■ Task material
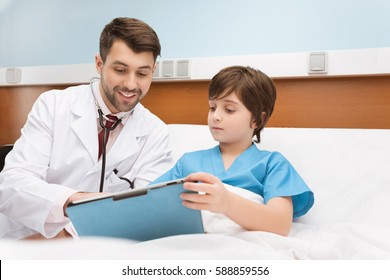 Smiling Doctor And Little Boy Patient Holding Clipboard On Hospital Bed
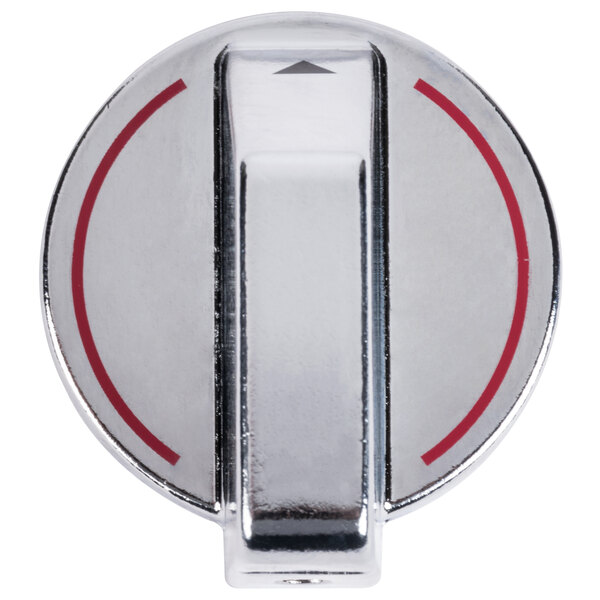 A silver knob with red and white markings on a rectangular background.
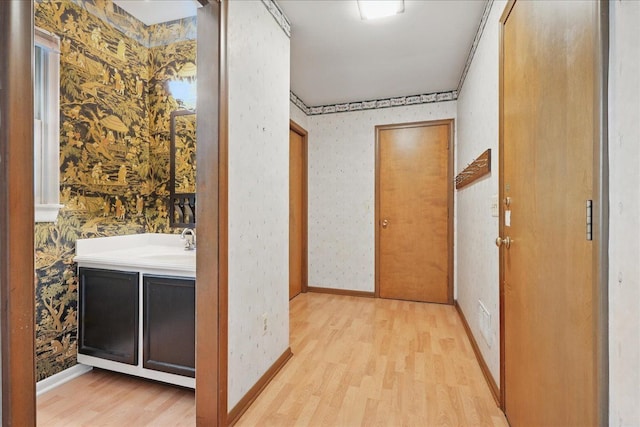 1558 Sylvan Glen Rd, Okemos, MI 48864 - hall featuring wallpapered walls, light wood-type flooring, and baseboards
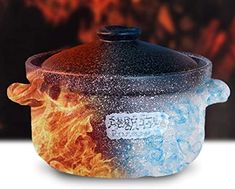 a pot with flames on it sitting in front of a wall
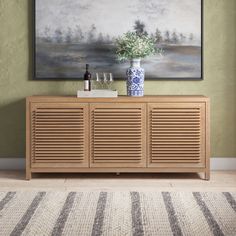 a painting hanging on the wall above a wooden cabinet with wine glasses and vases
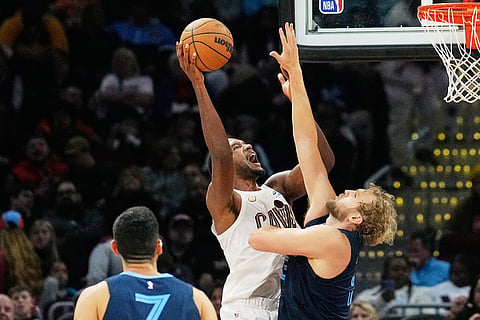Cleveland Cavaliers center Evan Mobley, left, shoots as Memphis Grizzlies center Jock Landale, right, defends in the second half of an NBA basketball game in Cleveland. 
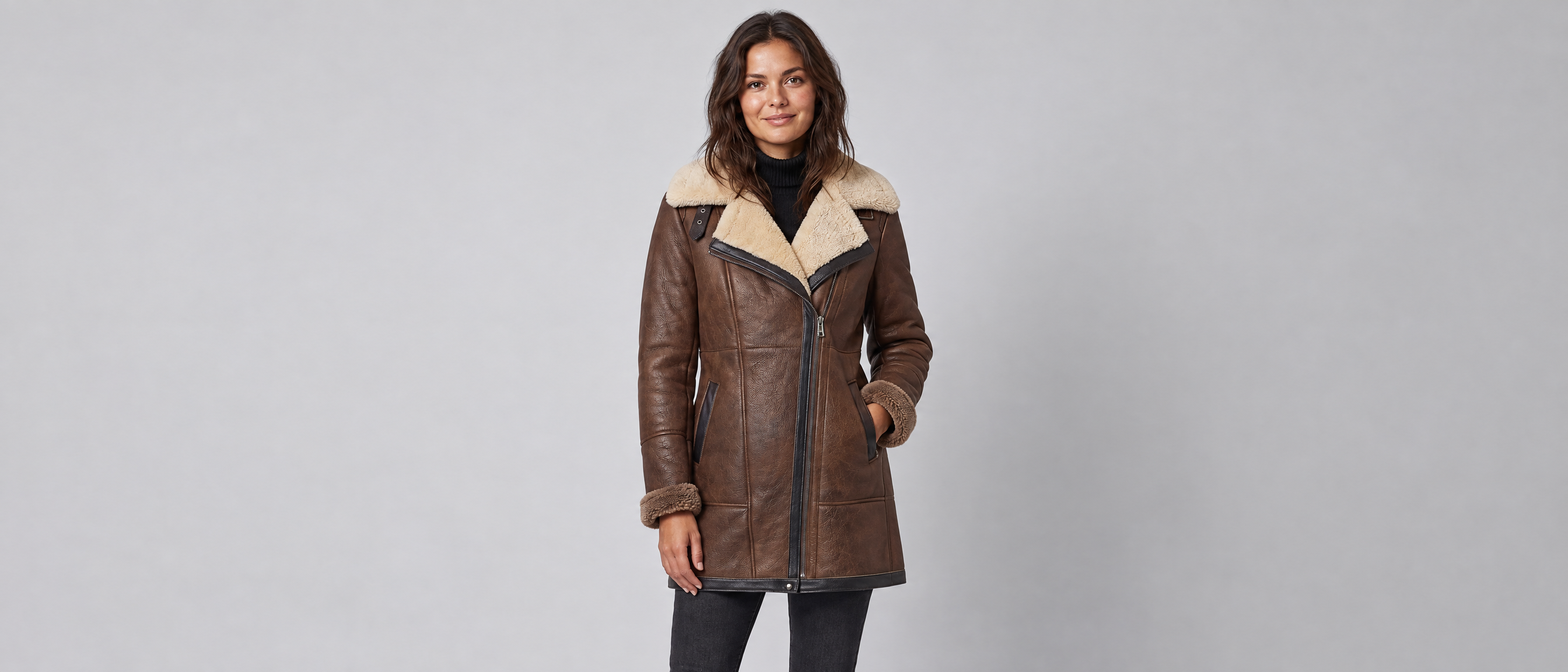 Woman wearing the Voxelvu aviator coat in a grey studio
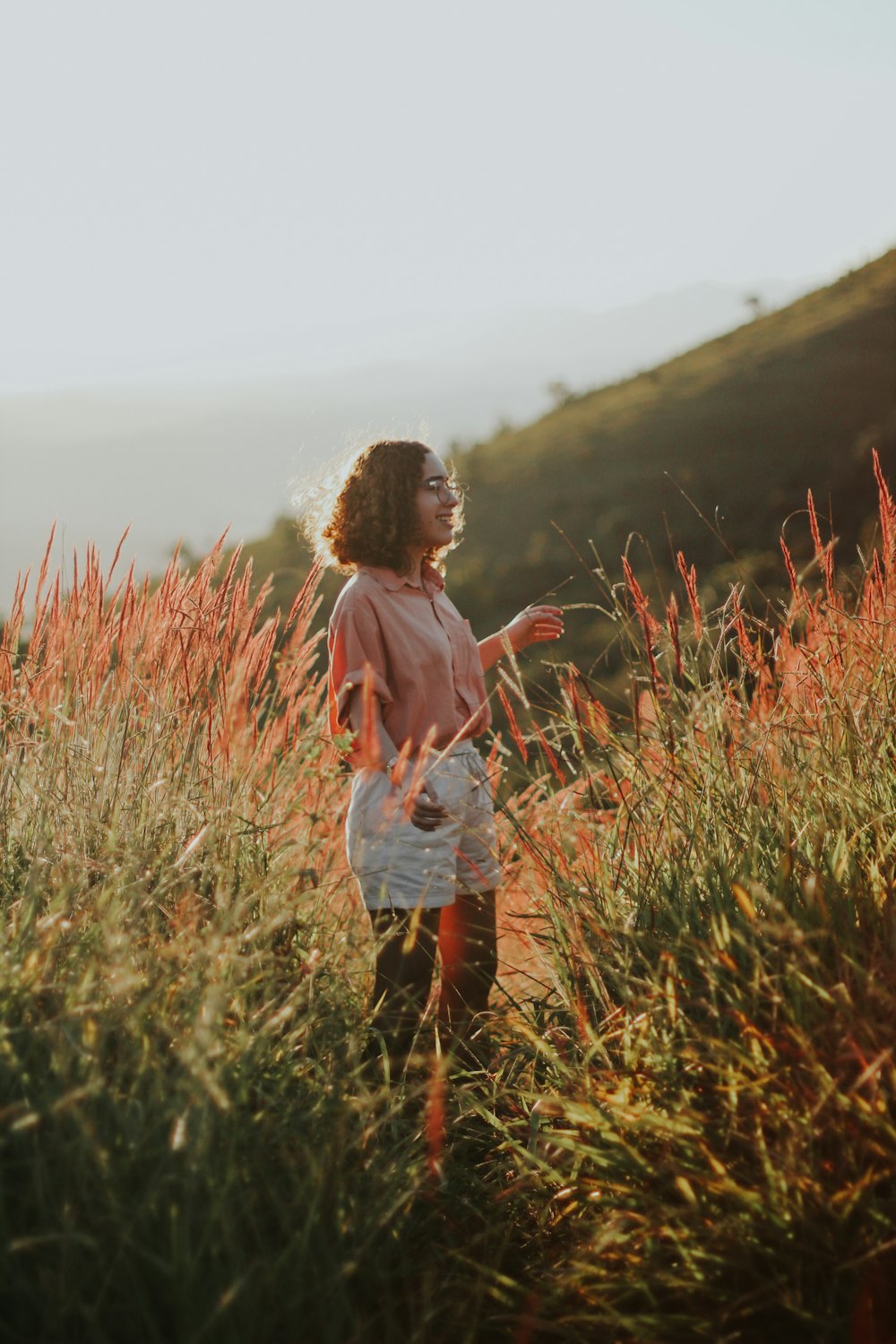 낮 동안 푸른 잔디밭에 서 있는 흰색과 분홍색 줄무늬 셔츠를 입은 여자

■ Requirement
Repeat the records above word for word. Pictures stay out of the copy.

■ Problem solution
 Smiling Doctor And Little Boy Patient Holding Clipboard On Hospital Bed
 A silver knob with red and white markings on a rectangular background.
 1558 Sylvan Glen Rd, Okemos, MI 48864 - hall featuring wallpapered walls, light wood-type flooring, and baseboards
 a pot with flames on it sitting in front of a wall
 a painting hanging on the wall above a wooden cabinet with wine glasses and vases
Cleveland Cavaliers center Evan Mobley, left, shoots as Memphis Grizzlies center Jock Landale, right, defends in the second half of an NBA basketball game in Cleveland. 
 Woman wearing the Voxelvu aviator coat in a grey studio
 낮 동안 푸른 잔디밭에 서 있는 흰색과 분홍색 줄무늬 셔츠를 입은 여자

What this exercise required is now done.